During the coating of surfaces with curable resins or plastisols, as well as during the preparation of molded articles by pouring curable resins into molds and curing the resins in the molds, small gas bubbles, are frequently formed, which usually are finely dispersed in the organic phase. A portion of these bubbles floats to the surface of the lacquer or coating, bursts there and causes no disorders, as long as the flowability of the lacquer or plastisol film is still large enough to equalize or even out the disturbed surface by afterflow. Another portion of the bubbles rises to the surface, but does not burst there and, when the lacquer cures or the plastisols gels, forms a very thin surface skin which can easily be damaged mechanically. Other bubbles remain dispersed in the film or in the molded articles formed. Such disorders in a lacquer film are referred to as pinholes.

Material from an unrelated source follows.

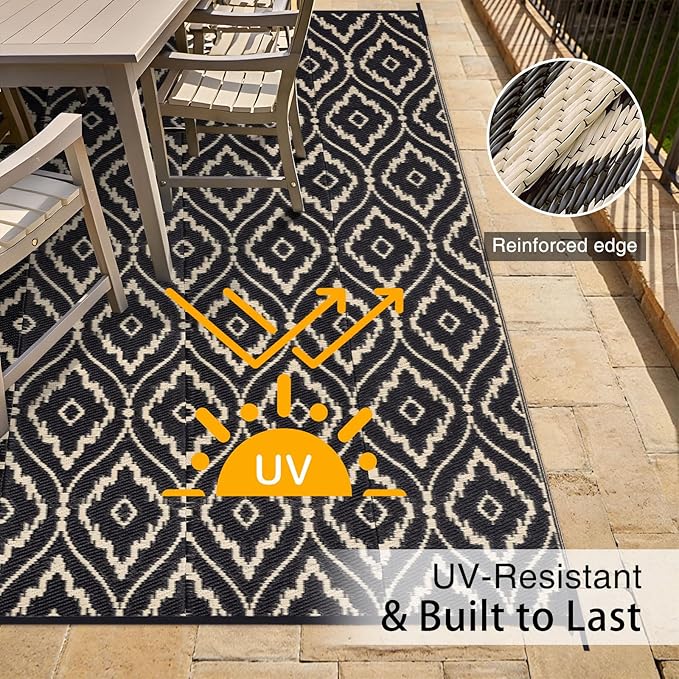OLANLY Outdoor Rug 9x12 ft Waterproof, Outdoor Plastic Straw Rug with Geometric Pattern Clearance, Reversible RV Mat for Patio, Camping, Balcony, Deck, Backyard, Black & Beige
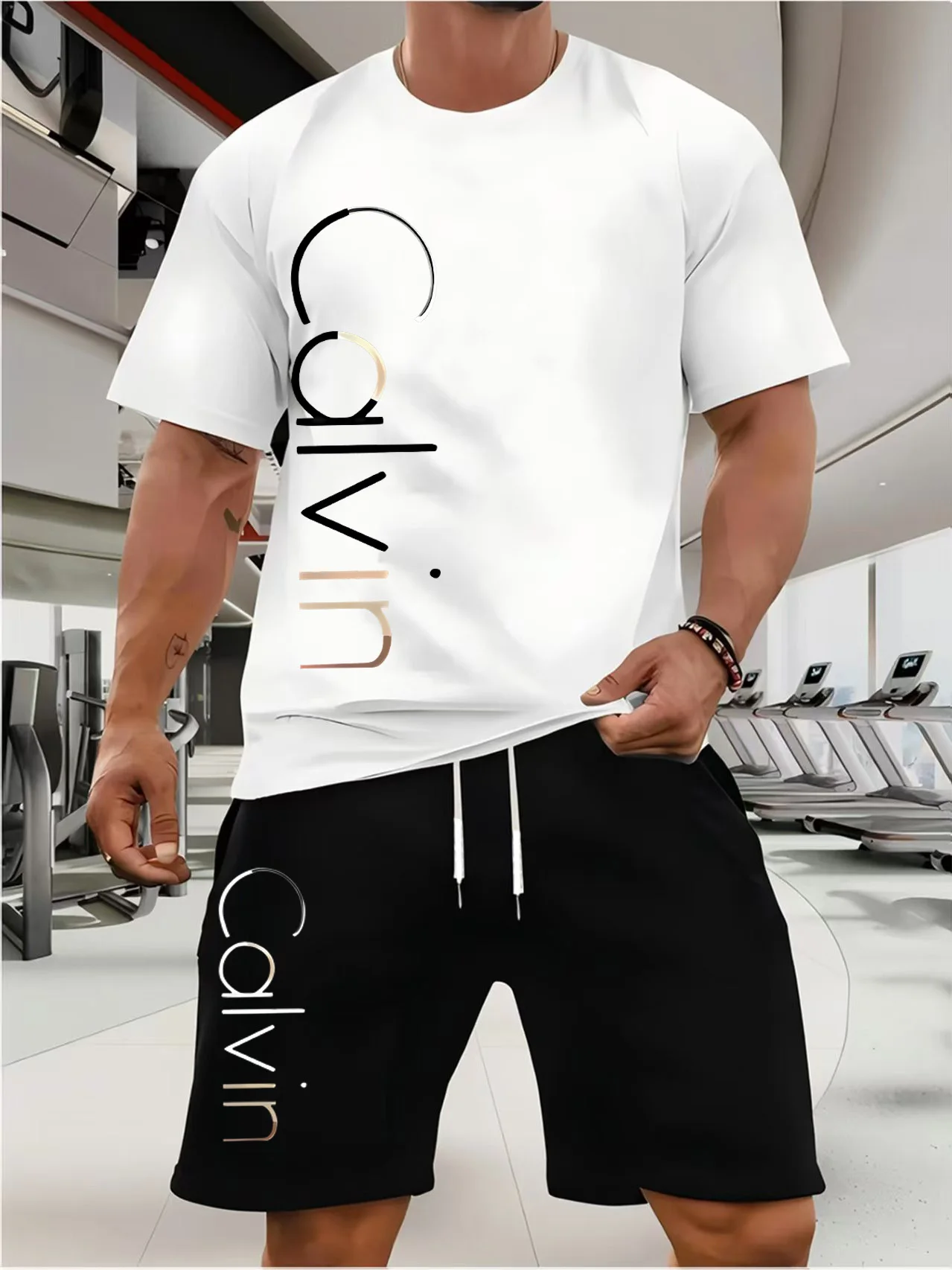 

Summer men's set casual T-shirt and shorts set men's sportswear pure letter printed casual sportswear set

The phenomenon of this so-called microfoam is not to be compared with the behavior and appearance of a normal, more or less small-celled polyhedral foam. While the known defoamers or antifoamers destroy the partitions between the individual foam bubbles or prevent their stable formation, the individual, mostly spherical gas bubbles in microfoams of such water-dilutable coating systems are so far removed from one another, that no lamellae or partitions are formed between the individual spheres of foam. For this reason, the known antifoaming agents usually fail to eliminate and remove the microfoam. Such elimination or removal is also referred to as deaerating. Further references to the different behavior of spherical foam and polyhedral foam are given in "Ullmanns Encyclopadie der technischen Chemie" (Ullmann's Encyclopedia of Chemical Engineering) volume 20, pp. 441 ff.

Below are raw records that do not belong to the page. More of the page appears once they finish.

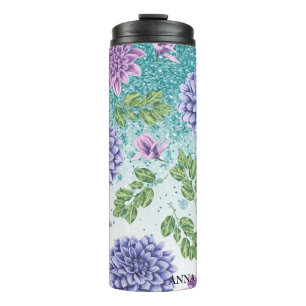 *~* Türkis Blumensukkulter Glitzer Girly  Thermosbecher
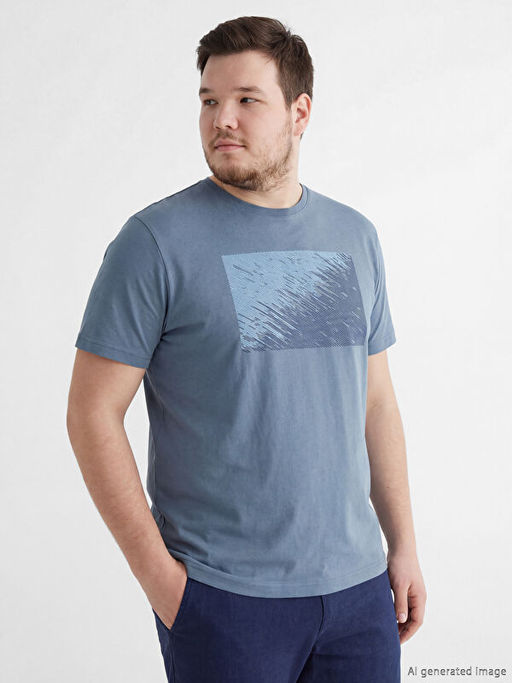 Bisiklet Yaka Bask?l? Penye Erkek Ti??rt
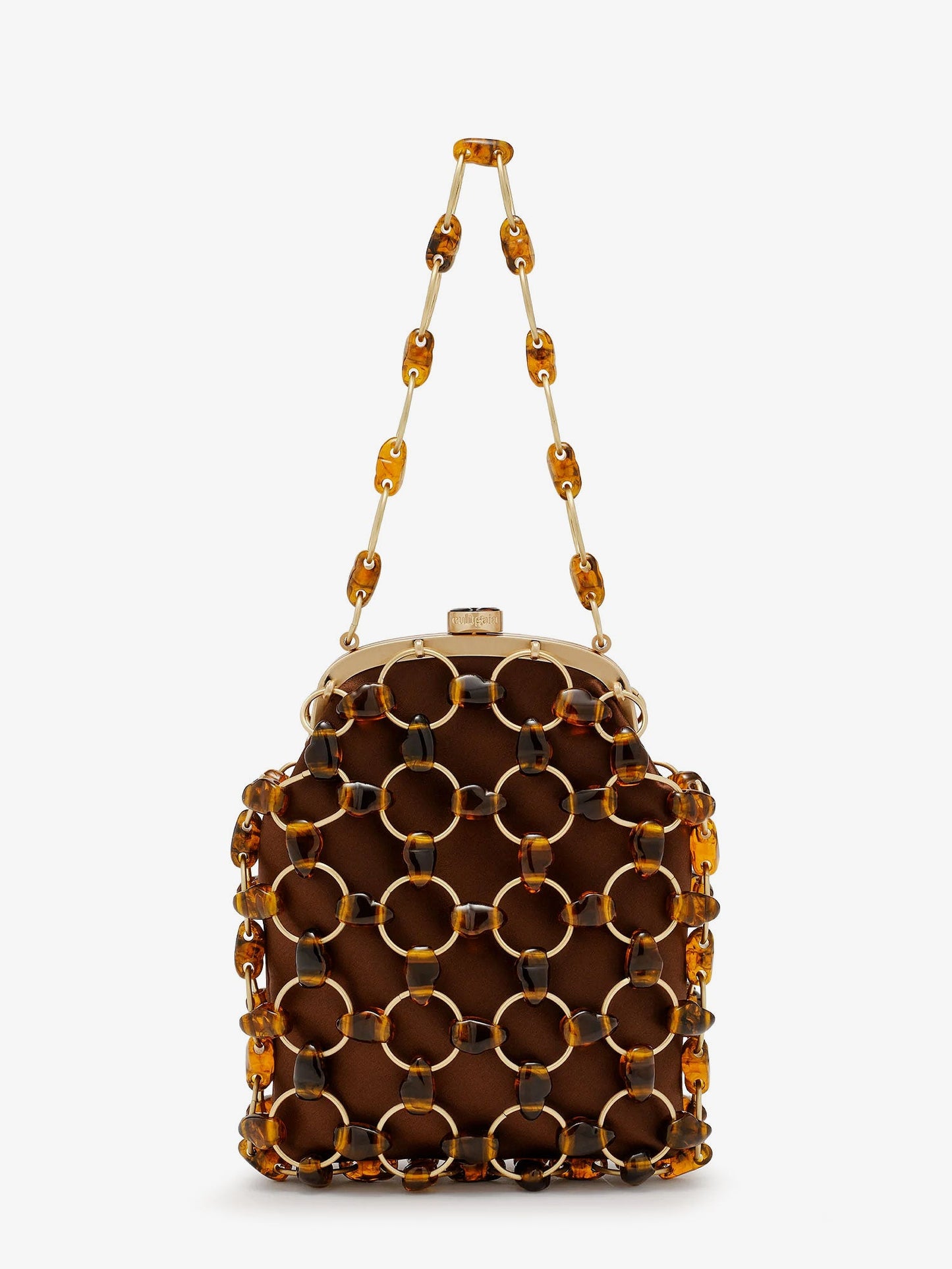 Cult Gaia Women Brielle Wristlet Leather Handbag With All-Over Pearl Detail CULT GAIA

It may be assumed that phenomena at the interface between the gas bubbles and the liquid affect the deaeration. Possibly, the deaeration is affected by changes in the viscosity of the coating system in the boundary surface to the gas bubbles. In any case, because of the different physical and/or chemical effects on the interfaces between the liquid and the gas, a person skilled in this art, knowing the effectiveness of antifoaming agents, is unable to draw reasonable conclusions concerning the effectiveness of so-called deaerating agents.